Beyond Toxics and No Coal Eugene talk to Mayor Piercy at Coal Protest

Beyond Toxics and No Coal Eugene talk to Mayor Piercy at Coal Protest

In spring of this year, Beyond Toxics submitted a Public Records Request to the Port of Coos Bay to learn the details of plans to haul coal through Eugene for export to nations in the Far East? Remember that they demanded $22,000 to get what should be public information? If that wasn’t enough, the Port of Coos Bay tacked on a long list of intrusive questions, demanding the disclosure of our members’ names and addresses.

This week, a Coos Bay judge ruled that non-profits like Beyond Toxics and Sierra Club do not have to obey the demands of the coal industry by turning over the names of our members! The Port of Coos Bay’s excessive inquisition of small non-profits was thrown out of court!

This important victory is just one step along the legal path to give the public all the facts about hauling dirty coal through the Columbia River Gorge, the Willamette Valley, and out to the coast via downtown Eugene. Both the Oregon Sierra Club and Beyond Toxics filed records requests and were answered with back-breaking fees and aggressive demands. Sierra Club filed a claim that there is a pattern and practice of subjecting public requesters to invasive questioning, and pointed out it had also happened to Beyond Toxics. Both groups are awaiting the outcome of the case to proceed with our public records request.

The Port has been and continues to be secretive and dismissive of public inquiries on coal exports. It is highly doubtful that the Port or their coal partners will release the requested documents before the Eugene City Council meets to vote on the issue on September 10.

In a new twist, on July 9, the Port of Coos Bay asked the Eugene City Council to approve a resolution they (or probably their lawyers) wrote, specifically stating “Be it resolved by the City of Eugene that The City strongly supports the use of the Coos Bay rail line for the movement of freight in western Lane, western Douglas and Coos counties…” and furthermore that “The City will work with the Port and other regional and transportation stakeholders to identify and recruit additional opportunities for the development of rail…”

Why should residents of Eugene support the dirty, destructive and polluting coal industry? Why should we agree to foul our air and poison our lungs, and destroy climates by burning more fossil fuels?

Do you want to stand up to Dirty Coal? Then join us in the Eugene Celebration Parade where we will march as King Coal and the Fossil Fools! We need a big group!  To sign up, send an email to info@BeyondToxics.org. Let’s show Big Dirty Coal where Eugene stands when it comes to envisioning a clean energy world!

-Thanks for standing with us,

Lisa Arkin, Executive Director

 

The economics of exporting coal through Oregon

Each coal train spews 1 pound of dust per mile travelled!The Port of Coos Bay is planning to build a terminal to export coal delivered via rail by trains that would snake through the Columbia Gorge and Willamette Valley before switching tracks at Eugene onto the Coos Bay Rail Link. Many other communities in the Northwest are threatened with severe health hazards (coal dust leaks and diesel fumes from the increase in train traffic) as coal gets transported through communities in Oregon and Washington by rail, barge, or shipped through the Columbia River Gorge, Portland and towns north.

In today’s world of experts, economists and politicians who intone with somber faces, ‘don’t worry about the risks, we know what’s best for you,’ I have a tendency to lead my arguments for environmental sanity with the infallible “common sense” of economics.
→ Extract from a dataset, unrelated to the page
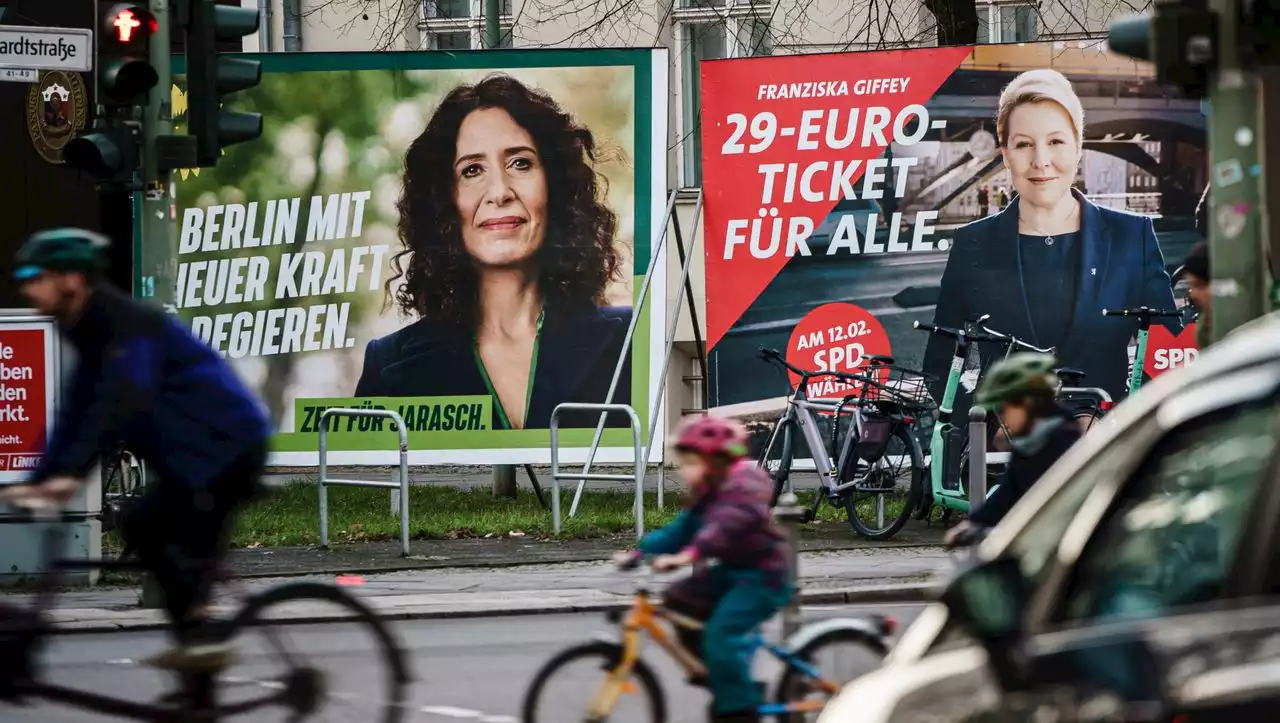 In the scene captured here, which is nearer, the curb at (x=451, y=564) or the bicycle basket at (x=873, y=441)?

Health concerns are always vitally important to me, of course! And frankly, how can we really expect (as the bumper stickers so bluntly summarize) to have jobs on a dead planet? But we don’t usually have to go there when we lead with economic issues. Invariably when I look at the economics of a proposal, it’s not long before the benefit to the very narrow interest of one or more industry–at the expense of the public interest–becomes plain as day. But that does not stop those narrow interests from raising the fear that if we don’t do exactly as they advise the economy will collapse even further and faster than it already has. If we can beat back polluting development proposals that do not meet the public’s best interest using their own measures of value: the dollar and jobs creation, it seems like the easiest path to success.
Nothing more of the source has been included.